Nakamura aims to encourage and facilitate opportunities to incorporate DEI into core STEM classrooms. Through this grant, she and collaborator Arlene Nededog, College of Natural Sciences director of inclusion, will create a framework and provide resources to CSU faculty to add DEI and the social sciences discussion into core science curriculum.

Akiko Nakamura
Akiko Nakamura

Toolbox of resources

Nakamura and Nededog joined forces to discuss the importance of adding DEI into traditional STEM courses and plan to develop a toolbox of resources for other faculty to add into their traditional science classrooms. The D.I.V.E. project provides curricular guidance for students to value diversity, equity and inclusion within their CSU STEM classrooms and broader community.

“There are many STEM faculty members that are interested in DEI issues but don’t know how to incorporate these concepts into their classrooms,” Nakamura said. “By creating templates, videos, and other resources, we hope to remove a barrier to entry into this social science for CSU faculty.”

The project isn’t something new for Nakamura. In her courses, Nakamura provides opportunities for students to participate in various campus DEI events and post reflections and engage in conversation with others. The activities offer a few easy grade points, something students appreciate, and she’s found that students turn from skeptical to appreciative upon completion of the assignment. These opportunities “provide awareness, ask students to engage in the conversation, and create environments to respect other perspectives,” she said. “It plants the seed.”

Learning how to disagree but coexist

After attending a DEI event, one student noted “how important it is to be able to disagree with someone but still be able to coexist and tolerate other individuals, races and cultural groups, (but) young adults/professionals have a very difficult time understanding this balance on how to disagree with someone yet still be able to get along and coexist with them.”

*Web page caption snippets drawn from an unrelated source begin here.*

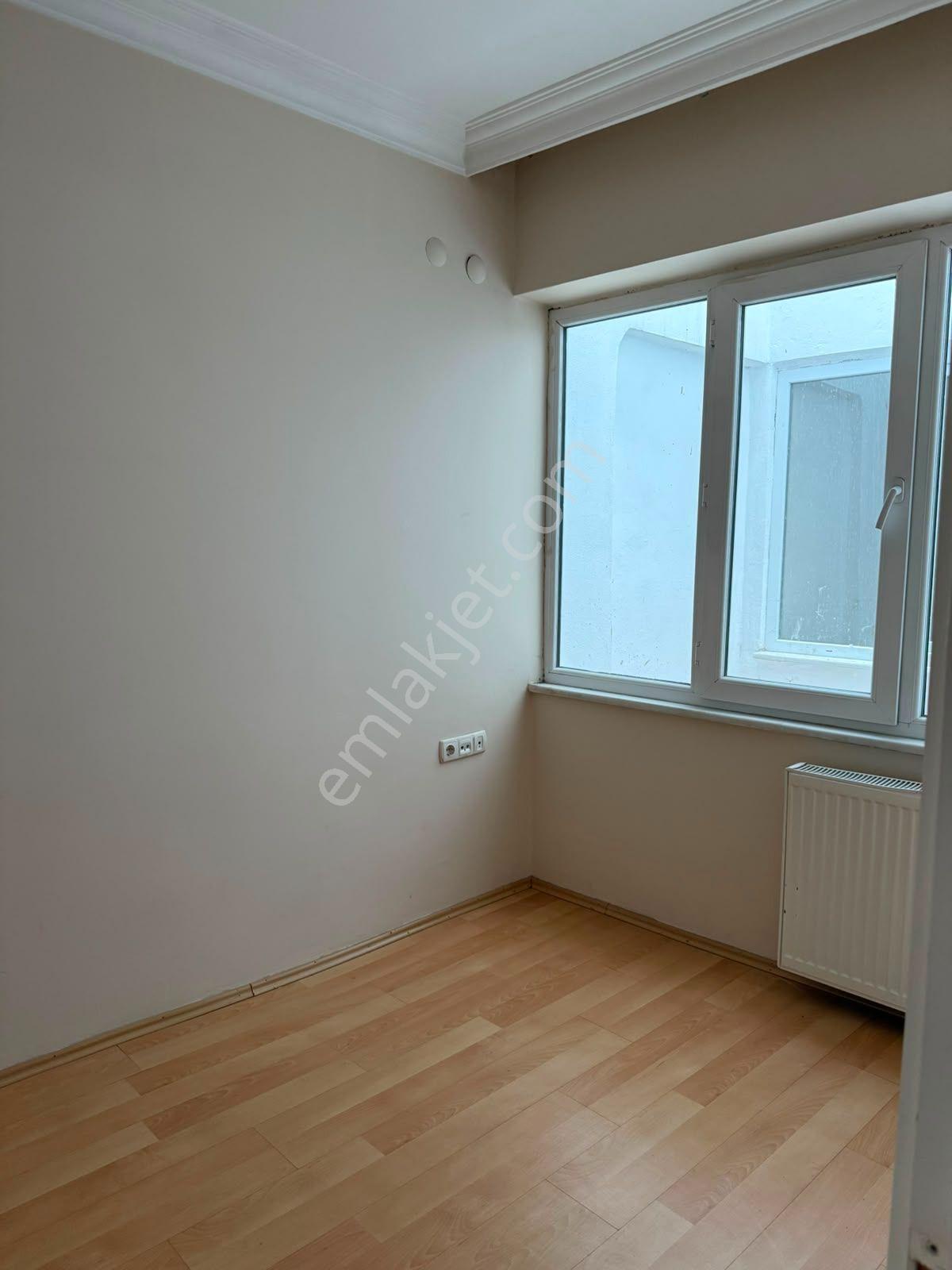 Newcıty Emlaktan Çarşıda Kiralık 3+1 Daire - Görsel 9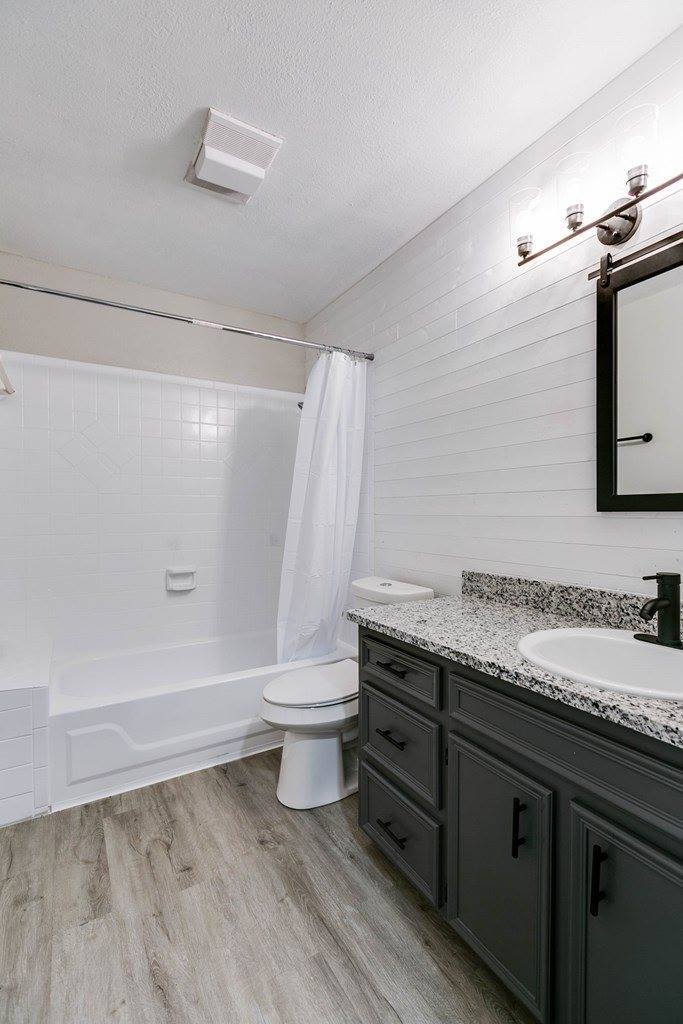 1221 Gregory Dr, San Angelo, TX 76905
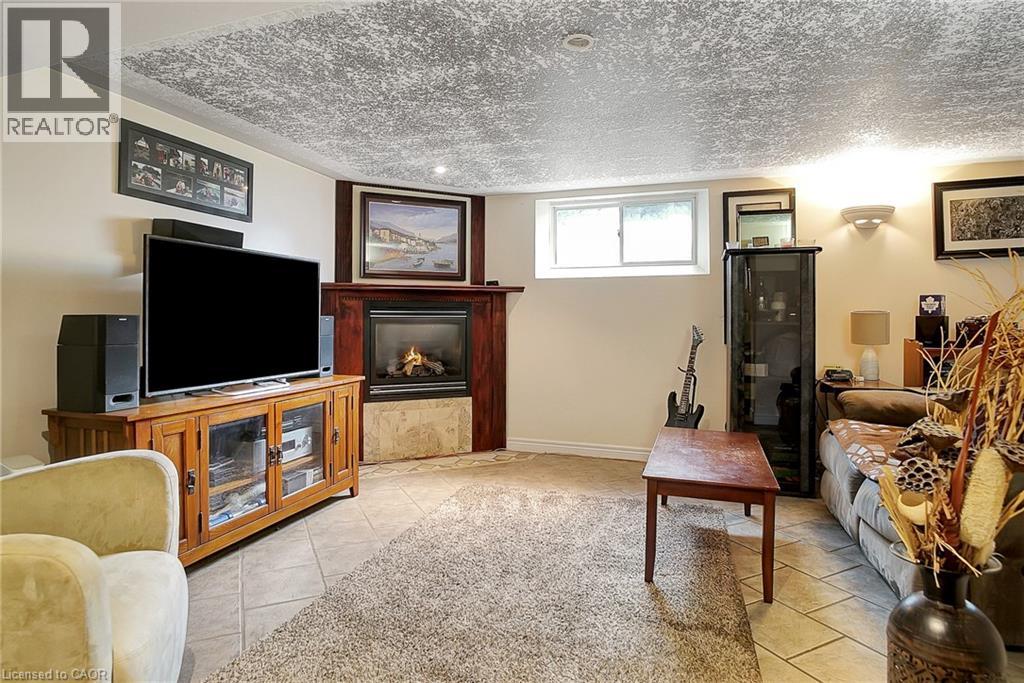 Photo 17 of 24 Hoffman Street, Kitchener ON
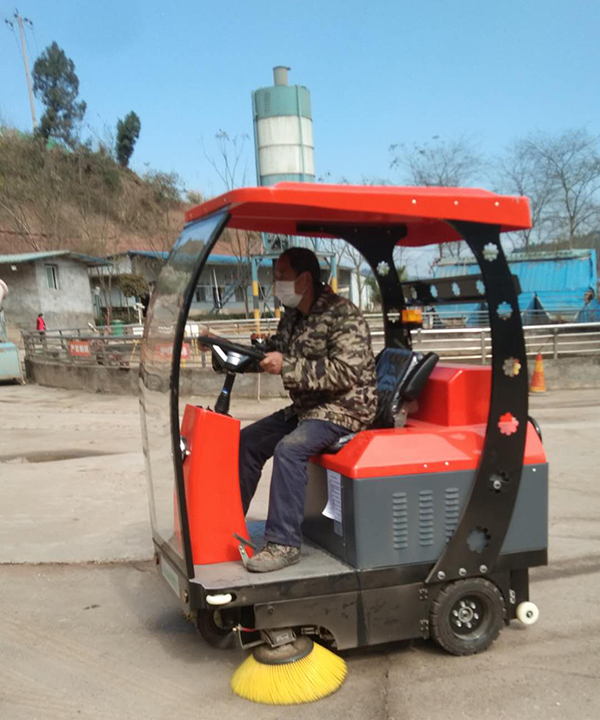 电动驾驶式扫地机 电动驾驶式扫地机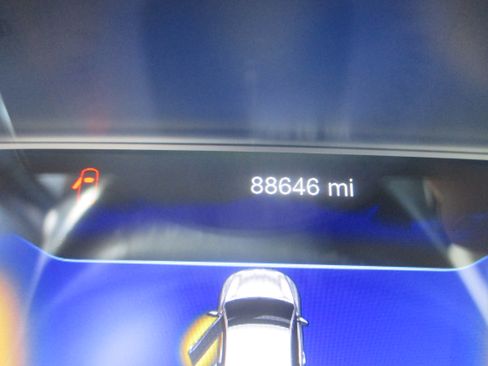 Used 2015 Chrysler 200 C FWD image 3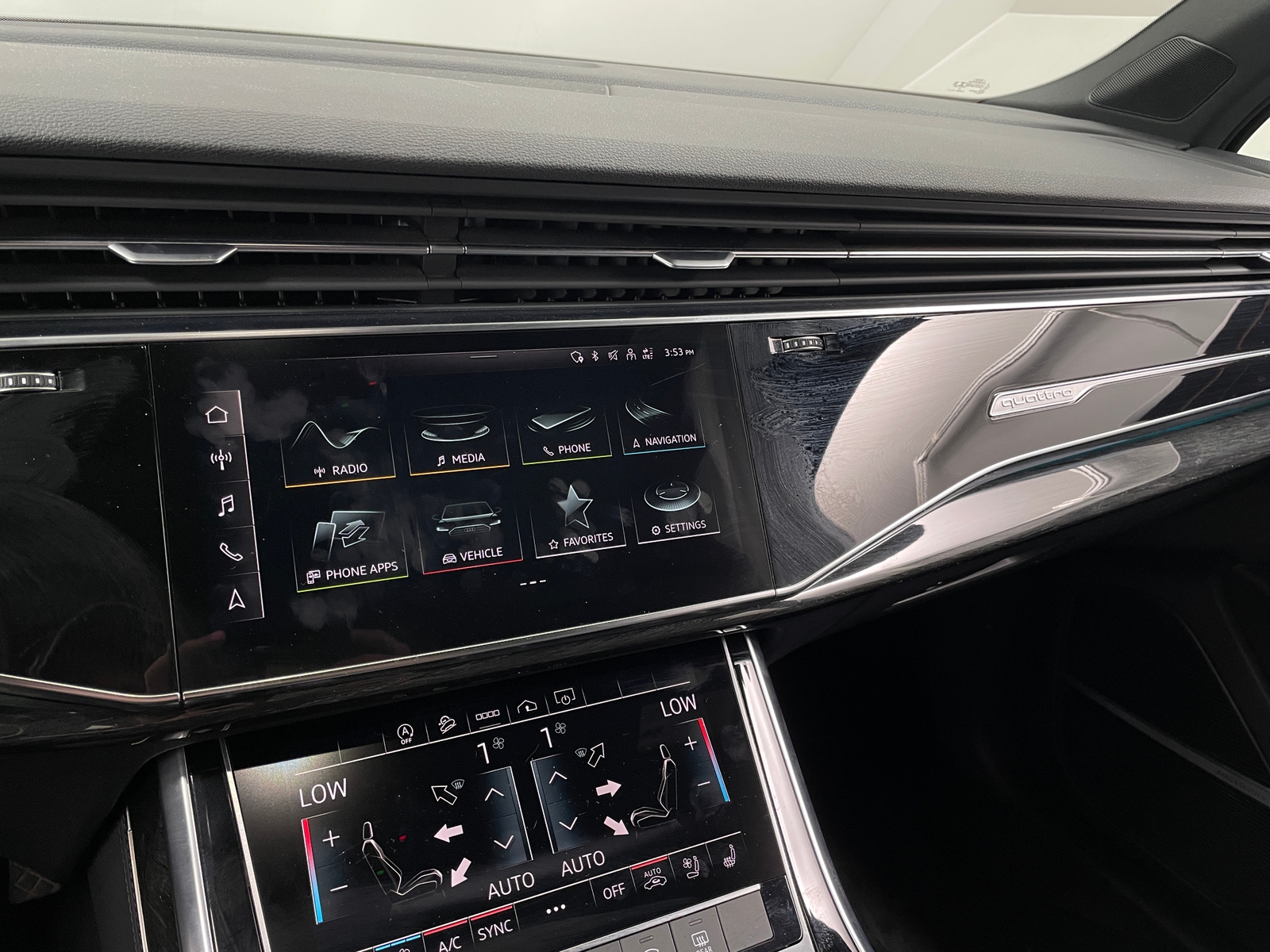 Thumbnail: 2022 Audi Q7 - 3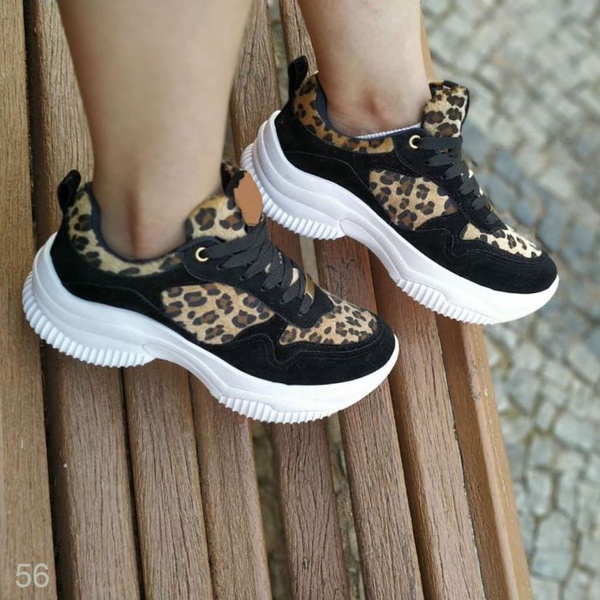 tenis preto com onça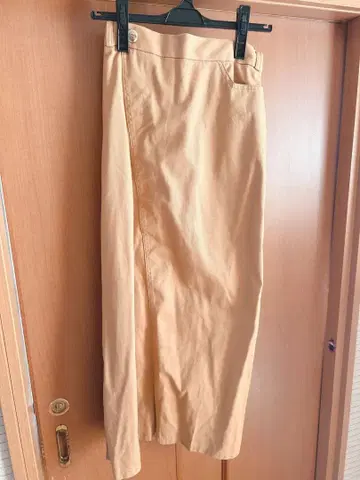 Vin 베이지 플리츠 롱 스커트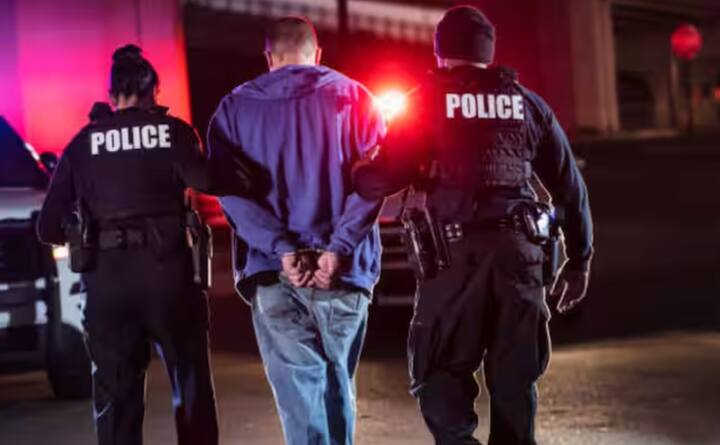 ਜਦੋਂ ਪੁਲਿਸ ਤੁਹਾਨੂੰ ਗ੍ਰਿਫਤਾਰ ਕਰਨ ਲਈ ਆਉਂਦੀ ਹੈ, ਤਾਂ ਤੁਹਾਡਾ ਪਹਿਲਾ ਅਧਿਕਾਰ ਪੁਲਿਸ ਨੂੰ ਗ੍ਰਿਫਤਾਰੀ ਦਾ ਕਾਰਨ ਪੁੱਛਣਾ ਹੈ। ਪੁਲਿਸ ਨੇ ਤੁਹਾਨੂੰ ਗ੍ਰਿਫਤਾਰੀ ਦਾ ਕਾਰਨ ਦੱਸਣਾ ਹੈ। ਤੁਹਾਨੂੰ ਇਹ ਅਧਿਕਾਰ CrPC ਦੀ ਧਾਰਾ 50 (1) ਦੇ ਤਹਿਤ ਦਿੱਤਾ ਗਿਆ ਹੈ।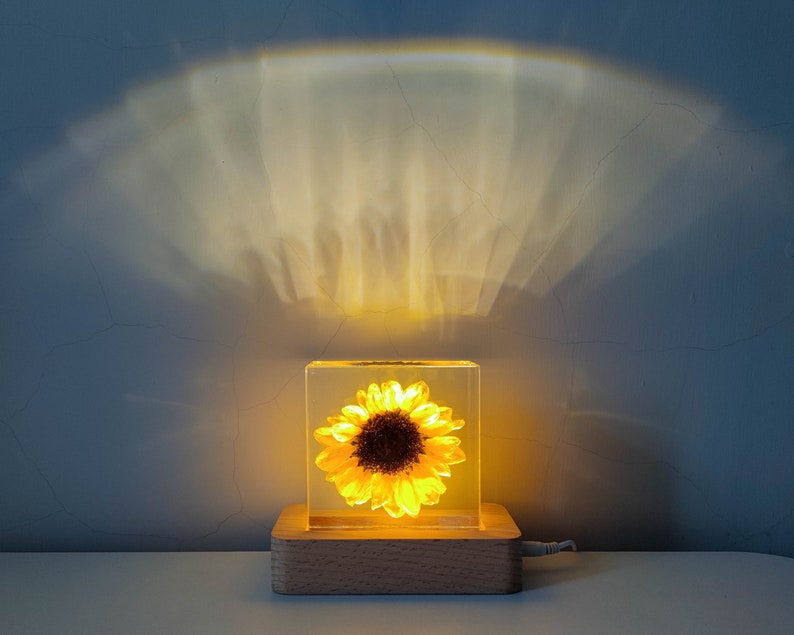 Real Sunflower Block, Resin Paperweight, Sunflower Night Light, Sunflower Ornament, Natural Gift, Gift for Her, Home Decor, Birthday Gift image 4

Nakamura also aspires to showcase diversity in various fields of science via online resources for students. One example of this is the Diversity in Chemistry website – a site dedicated to highlighting chemists from various backgrounds and disciplines.

“The ability for students to visualize themselves within their future career and discipline in addition to seeing that the environment is inclusive and welcoming cannot be understated,” noted Nakamura. “We are excited to make strides to narrow the gap between social sciences and traditional sciences through this pilot program.”